Both ends included, set down the lines from the line containing "Скриншот 5 из R4: Ridge Racer Type 4" through the last line of the records below, without pictures.

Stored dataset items
* * *
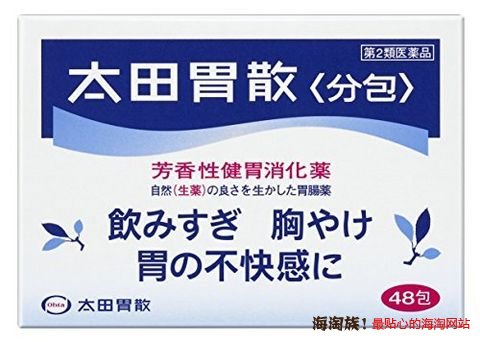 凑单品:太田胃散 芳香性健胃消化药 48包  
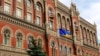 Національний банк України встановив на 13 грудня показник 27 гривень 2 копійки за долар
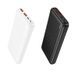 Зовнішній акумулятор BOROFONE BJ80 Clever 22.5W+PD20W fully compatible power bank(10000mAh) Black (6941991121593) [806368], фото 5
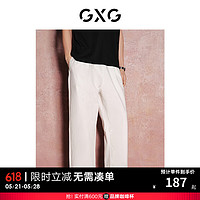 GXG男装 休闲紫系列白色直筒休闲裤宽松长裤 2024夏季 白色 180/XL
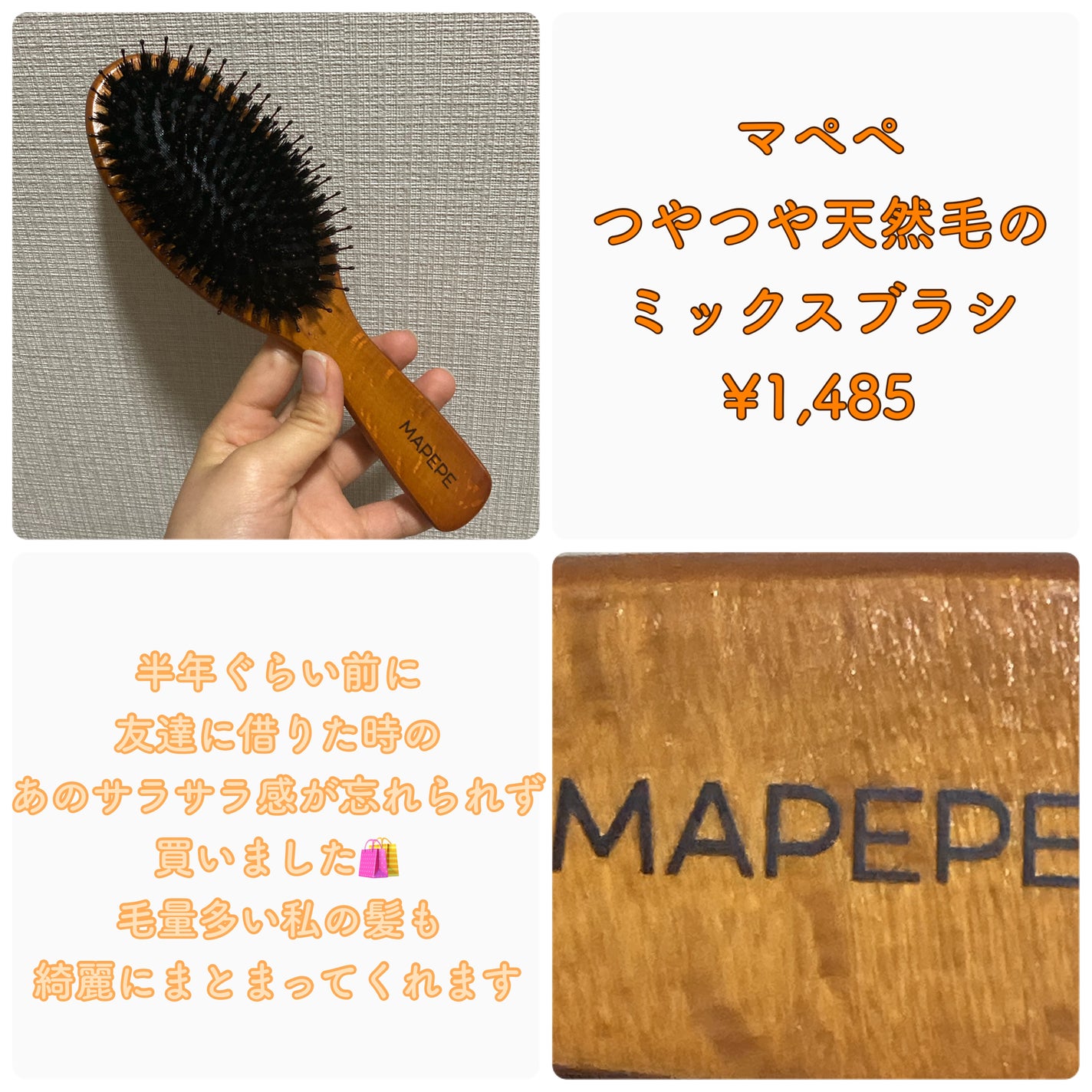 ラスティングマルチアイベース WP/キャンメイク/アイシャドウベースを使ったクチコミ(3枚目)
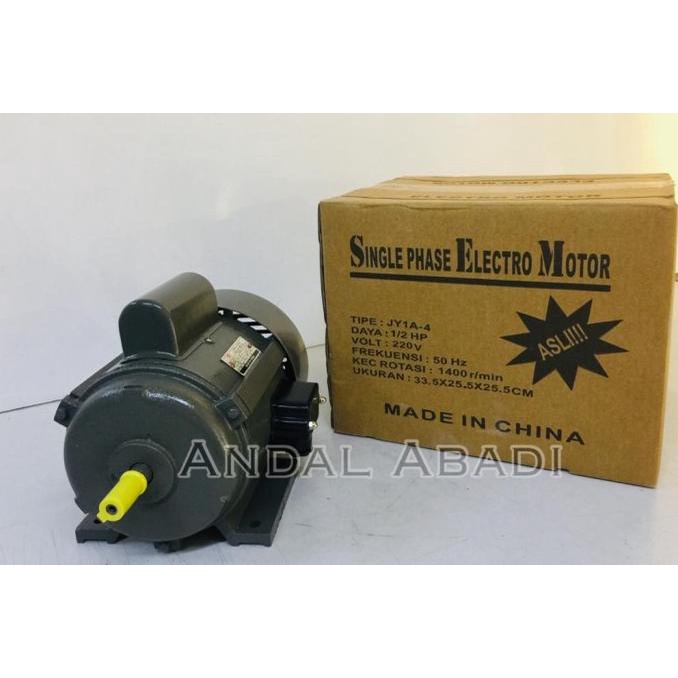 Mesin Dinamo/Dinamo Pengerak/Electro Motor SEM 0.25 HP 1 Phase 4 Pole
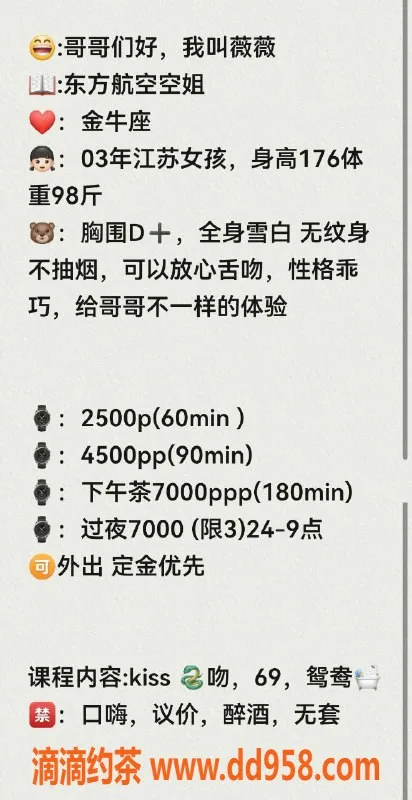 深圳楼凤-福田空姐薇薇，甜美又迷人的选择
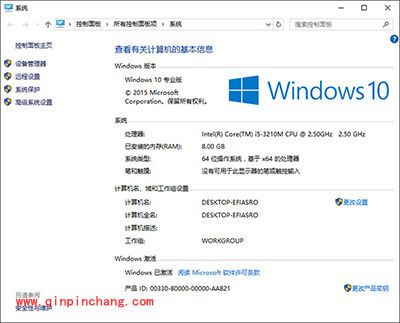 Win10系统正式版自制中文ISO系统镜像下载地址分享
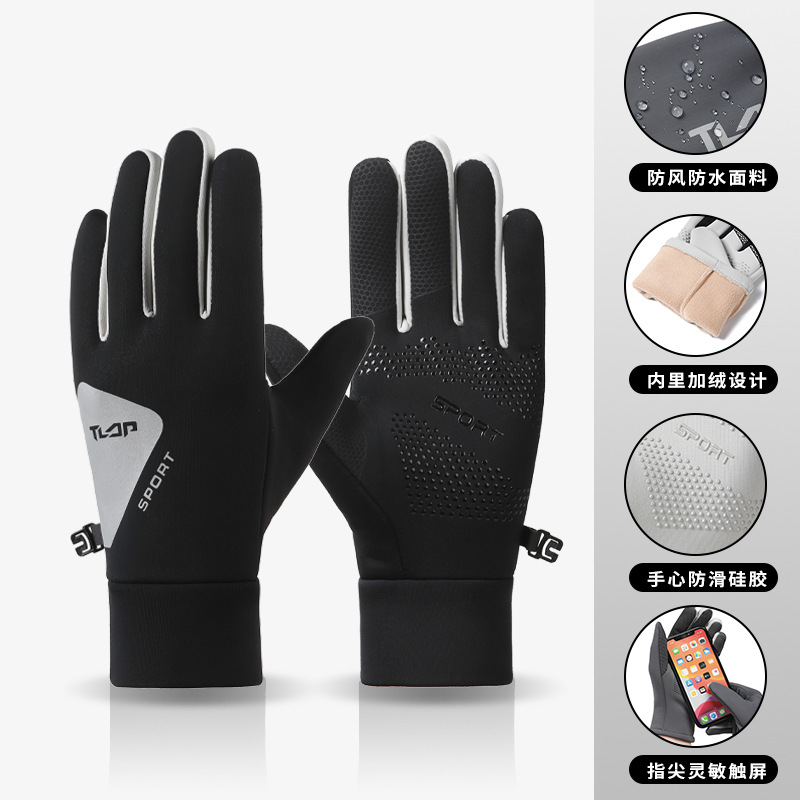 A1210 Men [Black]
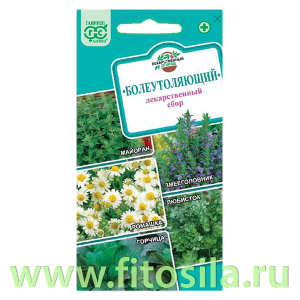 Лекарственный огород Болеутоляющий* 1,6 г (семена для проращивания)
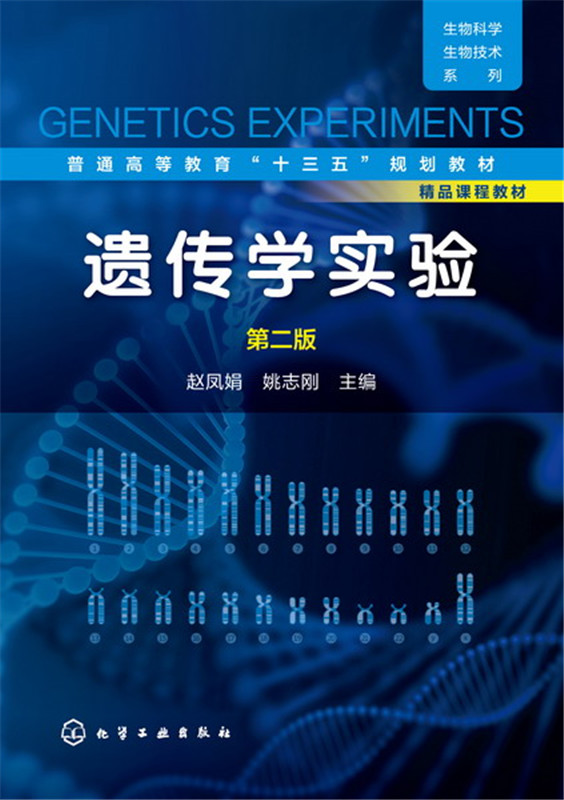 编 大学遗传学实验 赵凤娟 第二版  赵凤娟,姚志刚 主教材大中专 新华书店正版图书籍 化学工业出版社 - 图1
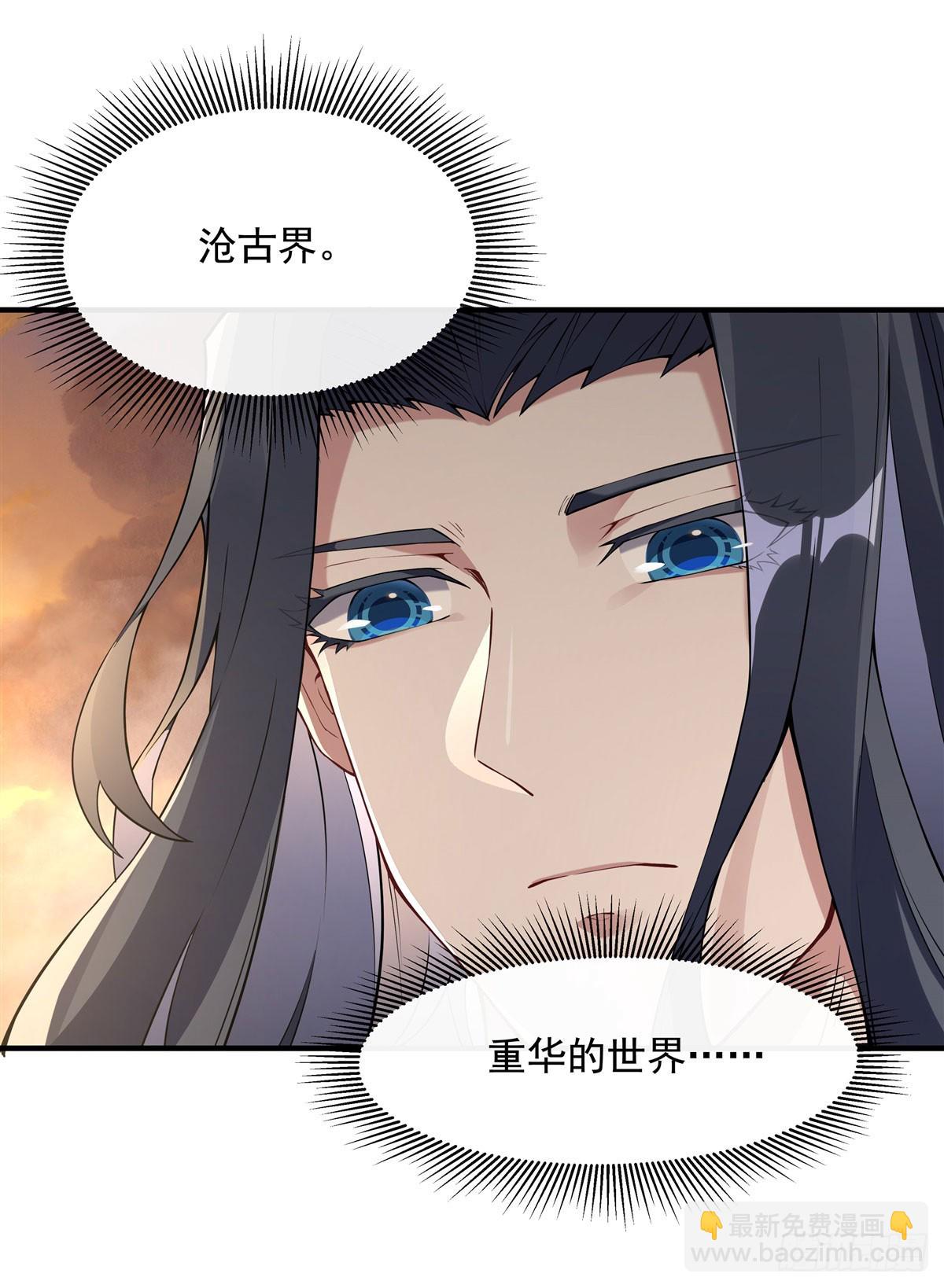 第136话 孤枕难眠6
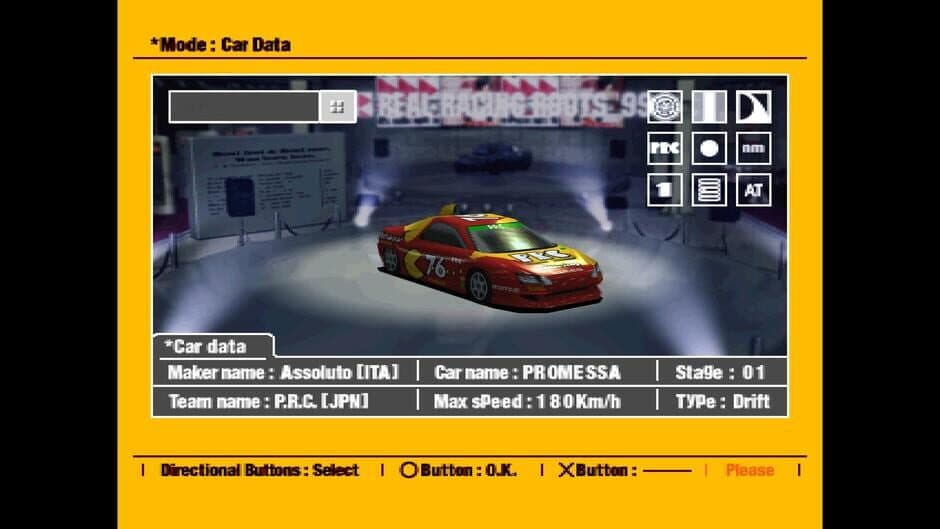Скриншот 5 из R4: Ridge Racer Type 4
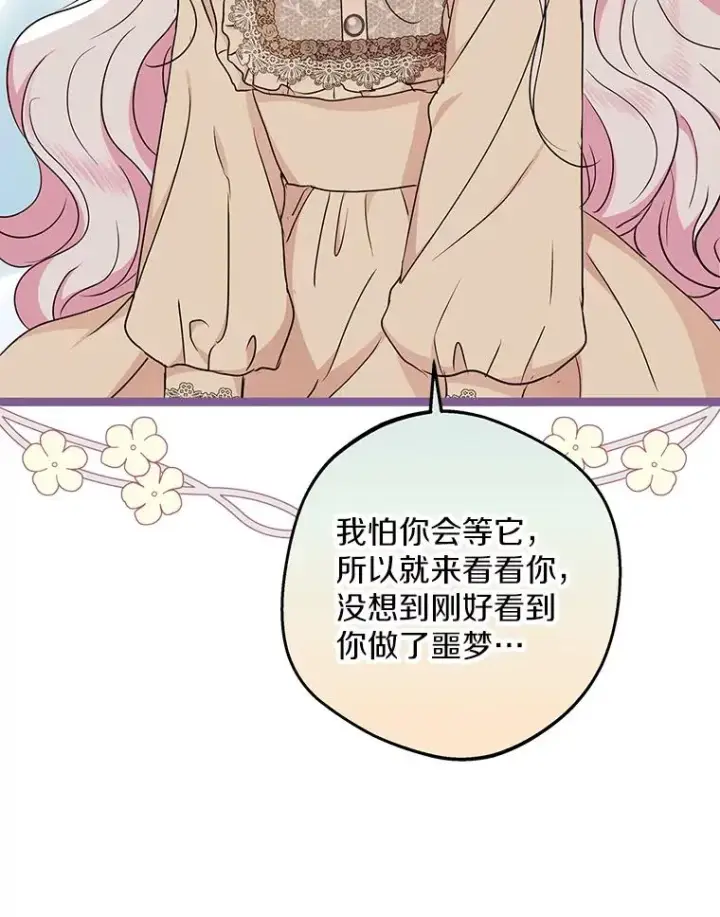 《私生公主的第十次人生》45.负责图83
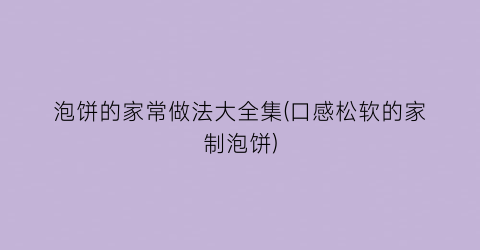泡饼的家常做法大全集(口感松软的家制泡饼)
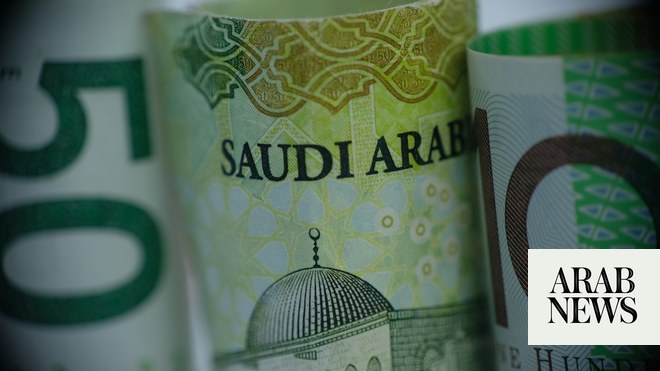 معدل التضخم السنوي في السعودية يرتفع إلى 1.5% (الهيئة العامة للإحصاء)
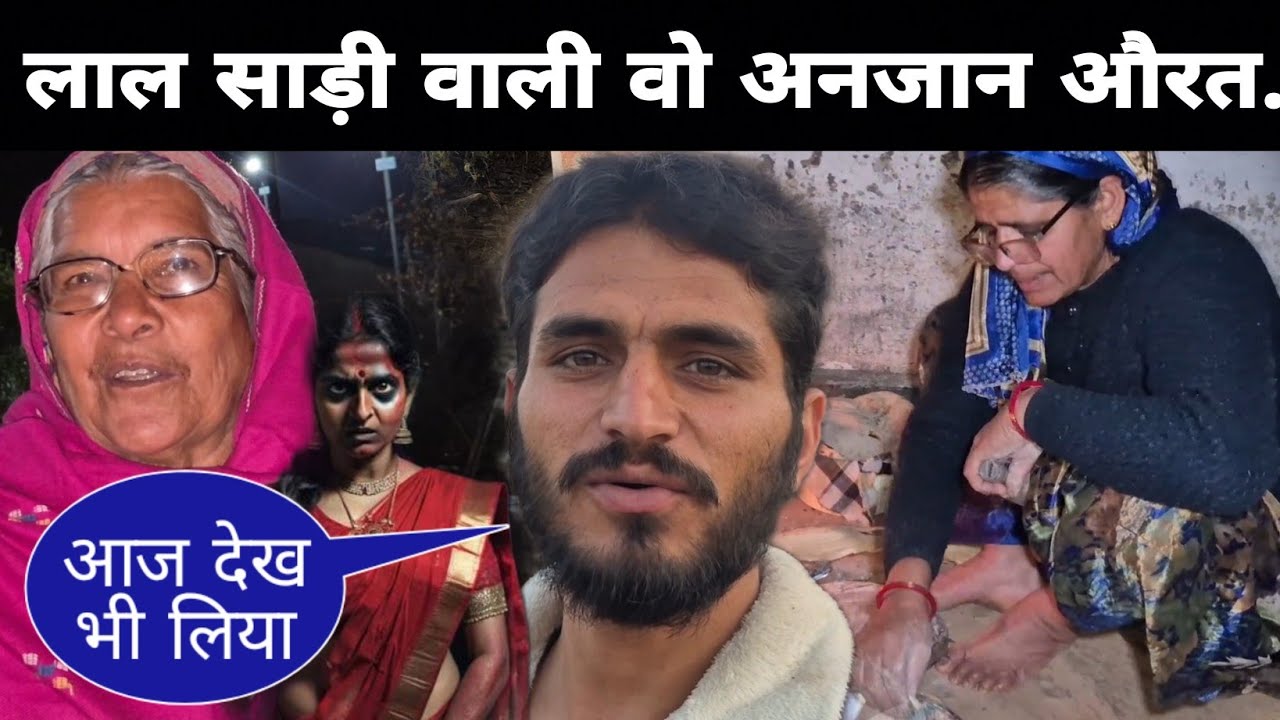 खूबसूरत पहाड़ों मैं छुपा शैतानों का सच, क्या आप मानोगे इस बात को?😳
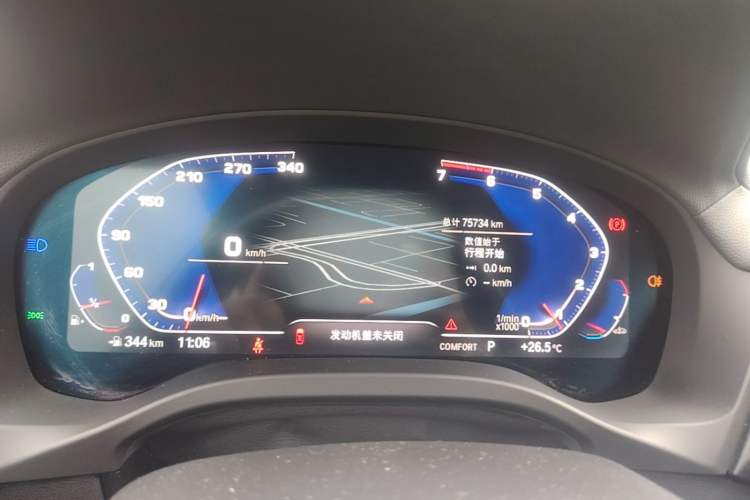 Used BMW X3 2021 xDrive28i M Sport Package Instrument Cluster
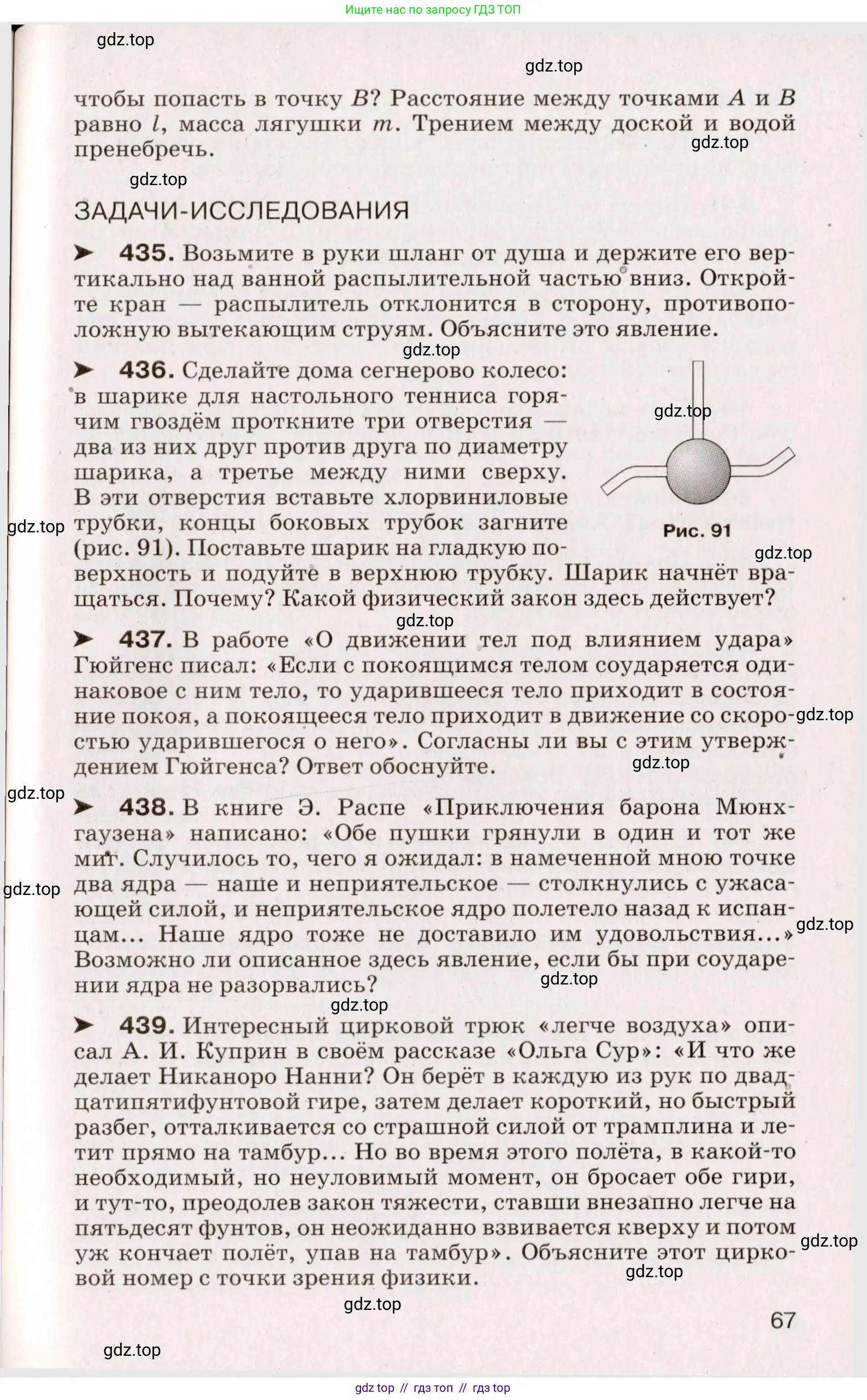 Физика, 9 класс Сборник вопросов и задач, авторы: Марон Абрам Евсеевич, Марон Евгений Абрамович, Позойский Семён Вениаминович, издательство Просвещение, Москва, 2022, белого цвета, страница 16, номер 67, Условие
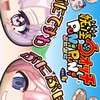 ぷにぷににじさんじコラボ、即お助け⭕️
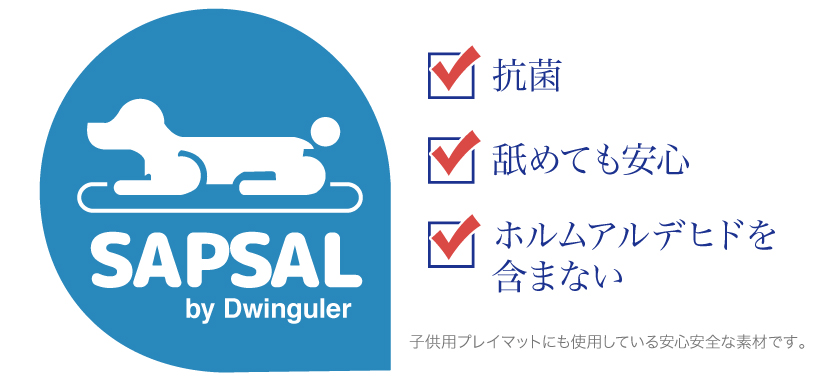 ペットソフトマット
* * *
* [Solution for this exercise]
Скриншот 5 из R4: Ridge Racer Type 4
 《私生公主的第十次人生》45.负责图83
泡饼的家常做法大全集(口感松软的家制泡饼)
 معدل التضخم السنوي في السعودية يرتفع إلى 1.5% (الهيئة العامة للإحصاء)
 खूबसूरत पहाड़ों मैं छुपा शैतानों का सच, क्या आप मानोगे इस बात को?😳
 Used BMW X3 2021 xDrive28i M Sport Package Instrument Cluster
 Физика, 9 класс Сборник вопросов и задач, авторы: Марон Абрам Евсеевич, Марон Евгений Абрамович, Позойский Семён Вениаминович, издательство Просвещение, Москва, 2022, белого цвета, страница 16, номер 67, Условие
 ぷにぷににじさんじコラボ、即お助け⭕️
 ペットソフトマット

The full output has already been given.